Silicon Valley police are investigating what appears to be a lost Apple iPhone prototype purchased by a gadget blog, a transaction that may have violated criminal laws, a law enforcement official told CNET on Friday.
Apple has spoken to local police about the incident and the investigation is believed to be headed by a computer crime task force led by the Santa Clara County district attorney’s office, the source said. Apple’s Cupertino headquarters is in Santa Clara County, about 40 miles south of San Francisco.
So what happens next? Well, we wait. We wait for the news that the police have contacted Gizmodo. Then we wait for the news that they’re getting sized up for new jumpsuits.
Fact is, no matter how many articles I read about this issue, I very rarely read one that says that both Gizmodo and the person who found the original iPhone are innocent of any crimes. It’s just a matter of narrowing down which specific crimes they’re in violation of. Some claim it’s a trade secrets issue, while others claim it’s a matter of purchasing stolen property.
I think though that most people can agree that the original person who found the iPhone did steal it. Now before you start typing in the comment box, let me explain. The gentleman found this device around March 17 (the exact date escapes me) and then kept it for three weeks before he pitched it off to other tech blogs. He attempted to contact Apple in that time, but only via customer service, and he apparently refused to send them pictures of the phone. Had he sent pictures, I’d be writing about something completely different. That phone call, from his perspective, was his out. It was his way of throwing up his arms and saying, “Well, I tried. Nothing else I can do.” Of course, there were plenty of things that he could do. The bar is less than 30 minutes away from Apple HQ, and just dropping the phone off at the receptionist’s desk would’ve solved the problem.
Fact is, he found the phone. At that point, it was a lost phone, and he could have done any number of things with it to try to get the phone back to its rightful owner. Drop it off at the bar, e-mail him through Facebook, stop by Apple, or even just drop it off at an Apple store. He didn’t do any of those things. Instead, he made a call to Apple, got nowhere, then sold the phone. The instant he decided to sell it instead of get it back to Apple was the moment it’s stolen.

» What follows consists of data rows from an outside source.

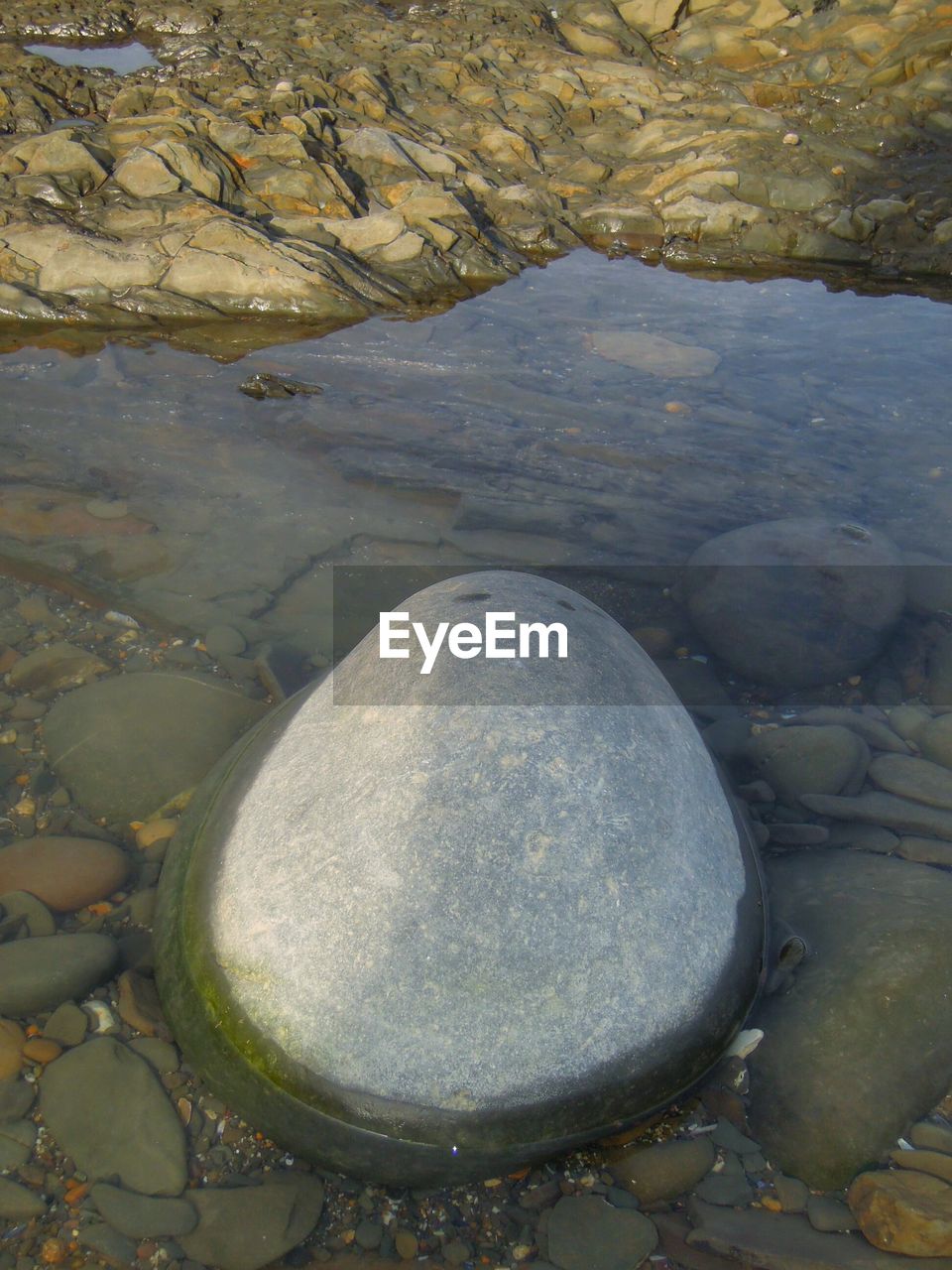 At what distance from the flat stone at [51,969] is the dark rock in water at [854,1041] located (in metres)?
1.94

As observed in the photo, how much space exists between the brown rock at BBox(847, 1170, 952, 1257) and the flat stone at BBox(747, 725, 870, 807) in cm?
148

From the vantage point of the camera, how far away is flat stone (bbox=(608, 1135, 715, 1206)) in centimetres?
254

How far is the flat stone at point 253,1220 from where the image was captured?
7.86 ft

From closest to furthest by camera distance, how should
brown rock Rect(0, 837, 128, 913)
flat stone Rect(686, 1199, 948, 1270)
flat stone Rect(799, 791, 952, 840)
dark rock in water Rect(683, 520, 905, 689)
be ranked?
flat stone Rect(686, 1199, 948, 1270), brown rock Rect(0, 837, 128, 913), flat stone Rect(799, 791, 952, 840), dark rock in water Rect(683, 520, 905, 689)

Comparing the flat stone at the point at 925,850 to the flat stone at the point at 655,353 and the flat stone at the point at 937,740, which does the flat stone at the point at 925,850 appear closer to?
the flat stone at the point at 937,740

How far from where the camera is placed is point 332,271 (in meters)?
8.34

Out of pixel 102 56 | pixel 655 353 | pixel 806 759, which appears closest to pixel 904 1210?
pixel 806 759

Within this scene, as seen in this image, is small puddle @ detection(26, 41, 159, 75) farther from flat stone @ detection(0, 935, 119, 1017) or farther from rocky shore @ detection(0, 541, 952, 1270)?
flat stone @ detection(0, 935, 119, 1017)

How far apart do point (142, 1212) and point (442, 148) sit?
33.8ft

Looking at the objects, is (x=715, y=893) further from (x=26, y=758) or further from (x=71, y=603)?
(x=71, y=603)

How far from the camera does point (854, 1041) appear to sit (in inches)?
105

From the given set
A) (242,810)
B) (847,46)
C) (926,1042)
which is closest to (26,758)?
(242,810)

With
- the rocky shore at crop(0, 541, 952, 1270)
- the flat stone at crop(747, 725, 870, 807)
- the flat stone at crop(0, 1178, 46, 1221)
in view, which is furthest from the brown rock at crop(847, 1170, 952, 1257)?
the flat stone at crop(0, 1178, 46, 1221)

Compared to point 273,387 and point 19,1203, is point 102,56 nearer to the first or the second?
point 273,387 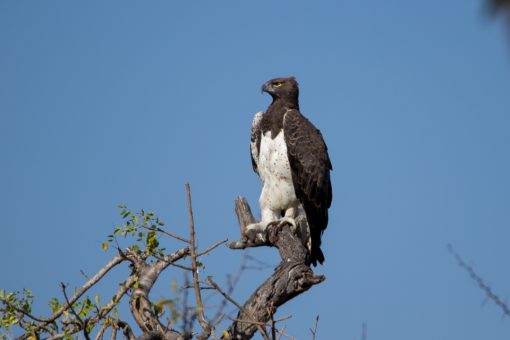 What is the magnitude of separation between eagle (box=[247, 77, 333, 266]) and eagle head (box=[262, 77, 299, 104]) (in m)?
0.36

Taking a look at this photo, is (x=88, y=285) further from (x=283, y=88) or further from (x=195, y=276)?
(x=283, y=88)

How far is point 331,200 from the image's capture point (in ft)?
26.0

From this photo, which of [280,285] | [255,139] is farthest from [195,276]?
[255,139]

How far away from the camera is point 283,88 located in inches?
332

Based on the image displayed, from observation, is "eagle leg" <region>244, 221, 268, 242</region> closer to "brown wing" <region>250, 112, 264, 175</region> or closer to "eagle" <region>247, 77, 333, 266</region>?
"eagle" <region>247, 77, 333, 266</region>

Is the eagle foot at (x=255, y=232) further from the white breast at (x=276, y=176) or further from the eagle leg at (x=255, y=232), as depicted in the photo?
the white breast at (x=276, y=176)

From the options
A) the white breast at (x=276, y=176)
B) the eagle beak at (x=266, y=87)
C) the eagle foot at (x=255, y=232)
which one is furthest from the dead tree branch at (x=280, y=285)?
the eagle beak at (x=266, y=87)

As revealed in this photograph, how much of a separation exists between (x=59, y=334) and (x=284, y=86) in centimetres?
469

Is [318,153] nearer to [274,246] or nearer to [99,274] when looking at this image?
[274,246]

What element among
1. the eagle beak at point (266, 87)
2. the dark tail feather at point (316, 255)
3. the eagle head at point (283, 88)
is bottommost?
the dark tail feather at point (316, 255)

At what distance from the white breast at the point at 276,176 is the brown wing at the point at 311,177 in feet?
0.25

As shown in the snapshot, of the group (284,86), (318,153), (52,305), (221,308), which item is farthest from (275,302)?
(284,86)

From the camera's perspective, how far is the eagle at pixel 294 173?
301 inches

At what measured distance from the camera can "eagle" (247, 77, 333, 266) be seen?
766 centimetres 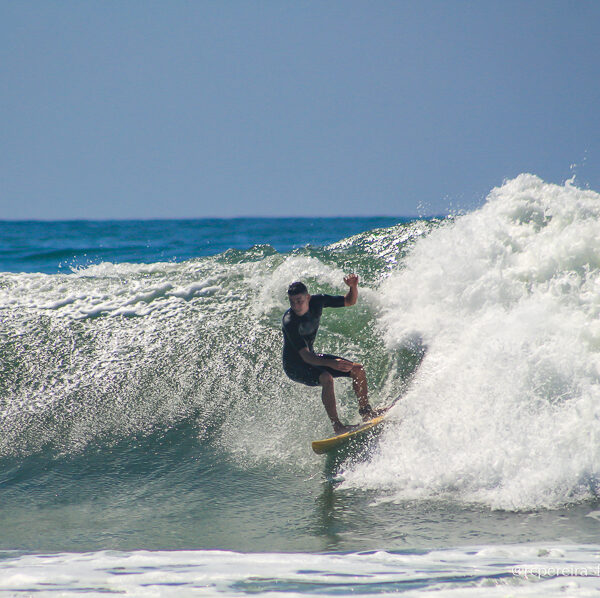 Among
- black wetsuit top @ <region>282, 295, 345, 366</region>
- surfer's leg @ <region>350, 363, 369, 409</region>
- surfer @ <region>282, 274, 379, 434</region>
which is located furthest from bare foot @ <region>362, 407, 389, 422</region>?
black wetsuit top @ <region>282, 295, 345, 366</region>

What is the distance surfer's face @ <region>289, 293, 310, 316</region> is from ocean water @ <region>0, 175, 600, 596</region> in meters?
1.26

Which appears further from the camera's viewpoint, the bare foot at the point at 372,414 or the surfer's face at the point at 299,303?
the bare foot at the point at 372,414

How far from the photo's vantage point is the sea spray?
4918mm

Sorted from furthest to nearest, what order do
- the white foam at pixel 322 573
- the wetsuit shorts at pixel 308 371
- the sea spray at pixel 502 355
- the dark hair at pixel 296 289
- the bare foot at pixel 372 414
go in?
the bare foot at pixel 372 414 → the wetsuit shorts at pixel 308 371 → the dark hair at pixel 296 289 → the sea spray at pixel 502 355 → the white foam at pixel 322 573

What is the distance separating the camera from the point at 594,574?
3.36 metres

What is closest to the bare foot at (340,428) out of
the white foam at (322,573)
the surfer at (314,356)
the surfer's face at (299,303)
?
the surfer at (314,356)

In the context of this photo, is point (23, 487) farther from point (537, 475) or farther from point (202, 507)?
point (537, 475)

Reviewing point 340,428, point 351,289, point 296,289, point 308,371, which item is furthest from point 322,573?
point 351,289

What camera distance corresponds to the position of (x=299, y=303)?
5645 millimetres

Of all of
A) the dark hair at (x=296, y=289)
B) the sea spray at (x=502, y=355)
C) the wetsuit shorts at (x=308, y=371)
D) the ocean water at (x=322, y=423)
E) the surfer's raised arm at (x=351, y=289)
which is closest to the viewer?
the ocean water at (x=322, y=423)

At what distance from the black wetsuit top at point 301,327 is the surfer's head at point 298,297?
56 mm

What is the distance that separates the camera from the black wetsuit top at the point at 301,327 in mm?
5757

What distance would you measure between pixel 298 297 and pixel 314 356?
21.9 inches

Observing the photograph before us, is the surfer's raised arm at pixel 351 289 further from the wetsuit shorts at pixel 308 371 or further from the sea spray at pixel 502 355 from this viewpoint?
the sea spray at pixel 502 355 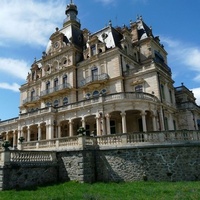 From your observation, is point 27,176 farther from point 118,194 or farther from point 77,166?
point 118,194

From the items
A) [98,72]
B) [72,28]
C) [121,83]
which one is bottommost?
A: [121,83]

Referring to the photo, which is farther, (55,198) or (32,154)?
(32,154)

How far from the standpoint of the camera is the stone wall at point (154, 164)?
15.4 meters

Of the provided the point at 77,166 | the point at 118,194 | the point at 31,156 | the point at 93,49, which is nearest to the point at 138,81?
the point at 93,49

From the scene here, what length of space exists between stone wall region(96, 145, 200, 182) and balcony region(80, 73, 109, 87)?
16.3 metres

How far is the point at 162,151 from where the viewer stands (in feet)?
52.4

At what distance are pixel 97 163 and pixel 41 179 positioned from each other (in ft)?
13.5

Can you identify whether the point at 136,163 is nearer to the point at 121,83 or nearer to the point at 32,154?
the point at 32,154

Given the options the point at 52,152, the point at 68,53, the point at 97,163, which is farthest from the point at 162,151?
the point at 68,53

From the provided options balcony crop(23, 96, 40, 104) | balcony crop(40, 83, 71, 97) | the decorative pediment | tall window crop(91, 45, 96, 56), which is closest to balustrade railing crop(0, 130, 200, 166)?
the decorative pediment

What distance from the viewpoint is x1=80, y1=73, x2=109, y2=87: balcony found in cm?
3184

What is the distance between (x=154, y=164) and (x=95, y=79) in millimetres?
18987

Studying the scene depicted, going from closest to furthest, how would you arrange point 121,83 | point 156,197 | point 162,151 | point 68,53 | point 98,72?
point 156,197 → point 162,151 → point 121,83 → point 98,72 → point 68,53

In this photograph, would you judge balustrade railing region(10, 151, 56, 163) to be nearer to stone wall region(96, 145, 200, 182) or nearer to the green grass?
the green grass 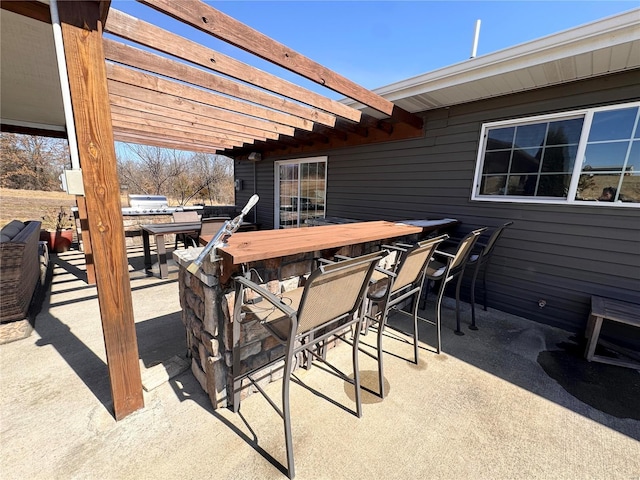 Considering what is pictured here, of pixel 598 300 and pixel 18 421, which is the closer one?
pixel 18 421

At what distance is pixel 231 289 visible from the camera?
153cm

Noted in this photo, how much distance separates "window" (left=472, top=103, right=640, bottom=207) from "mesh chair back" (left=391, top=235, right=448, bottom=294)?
6.83ft

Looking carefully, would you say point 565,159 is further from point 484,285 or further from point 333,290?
point 333,290

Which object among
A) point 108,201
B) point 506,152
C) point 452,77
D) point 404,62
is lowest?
point 108,201

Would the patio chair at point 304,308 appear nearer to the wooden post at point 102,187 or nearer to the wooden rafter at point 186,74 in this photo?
the wooden post at point 102,187

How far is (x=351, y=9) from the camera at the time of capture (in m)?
3.09

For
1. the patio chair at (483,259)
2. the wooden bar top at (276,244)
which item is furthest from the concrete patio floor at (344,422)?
the wooden bar top at (276,244)

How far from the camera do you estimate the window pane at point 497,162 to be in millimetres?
3193

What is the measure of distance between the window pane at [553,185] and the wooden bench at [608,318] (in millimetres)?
1223

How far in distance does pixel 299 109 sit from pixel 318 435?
10.8 feet

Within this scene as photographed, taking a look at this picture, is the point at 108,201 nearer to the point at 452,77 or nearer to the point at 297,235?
the point at 297,235

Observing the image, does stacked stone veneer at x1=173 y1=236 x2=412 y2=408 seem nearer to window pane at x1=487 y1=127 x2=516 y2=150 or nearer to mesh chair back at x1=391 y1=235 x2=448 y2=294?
mesh chair back at x1=391 y1=235 x2=448 y2=294

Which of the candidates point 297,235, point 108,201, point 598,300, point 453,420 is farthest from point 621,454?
point 108,201

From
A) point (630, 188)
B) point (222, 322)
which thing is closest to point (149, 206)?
point (222, 322)
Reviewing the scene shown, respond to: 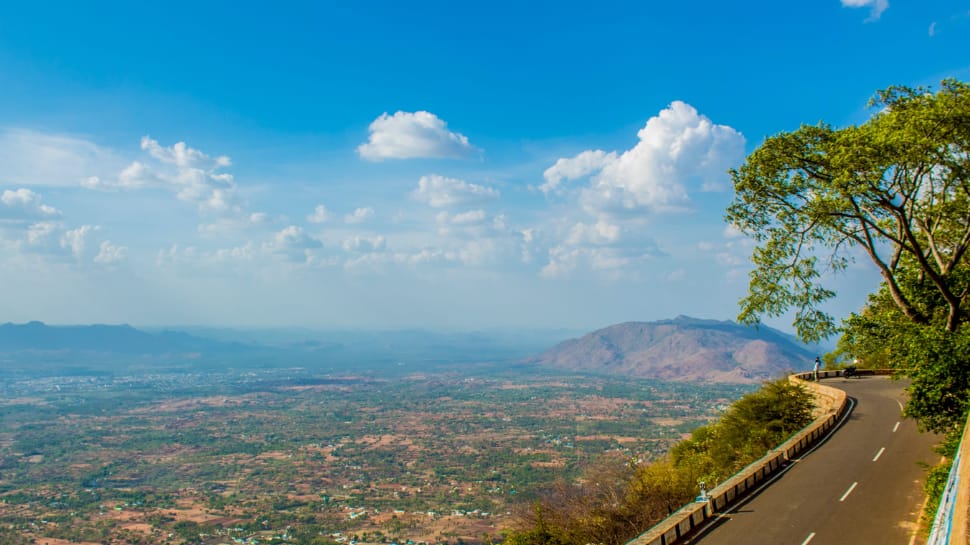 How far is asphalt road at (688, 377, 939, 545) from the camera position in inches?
572

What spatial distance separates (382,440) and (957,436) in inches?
5608

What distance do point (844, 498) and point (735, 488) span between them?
286 cm

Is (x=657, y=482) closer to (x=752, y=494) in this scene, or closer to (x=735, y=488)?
(x=752, y=494)

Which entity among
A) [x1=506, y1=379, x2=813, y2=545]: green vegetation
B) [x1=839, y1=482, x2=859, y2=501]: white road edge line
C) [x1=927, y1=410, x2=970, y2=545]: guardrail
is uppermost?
[x1=927, y1=410, x2=970, y2=545]: guardrail

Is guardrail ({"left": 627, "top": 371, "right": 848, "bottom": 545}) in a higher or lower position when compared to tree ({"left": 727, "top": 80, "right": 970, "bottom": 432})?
lower

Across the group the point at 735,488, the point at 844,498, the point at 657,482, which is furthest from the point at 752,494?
the point at 657,482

So if you go with the assumption that he stole the phone, then you have to logically conclude that at the bare minimum, Gizmodo was in possession of stolen property. Had he told them the story before they bought it, then they have knowingly purchased stolen property, making it even more complicated. And by dissecting the phone, they round the corner into revealing trade secrets, which I’m sure Apple is just thrilled about.
From my perspective, this is stolen merchandise plain and simple. Now let’s see what the cops think.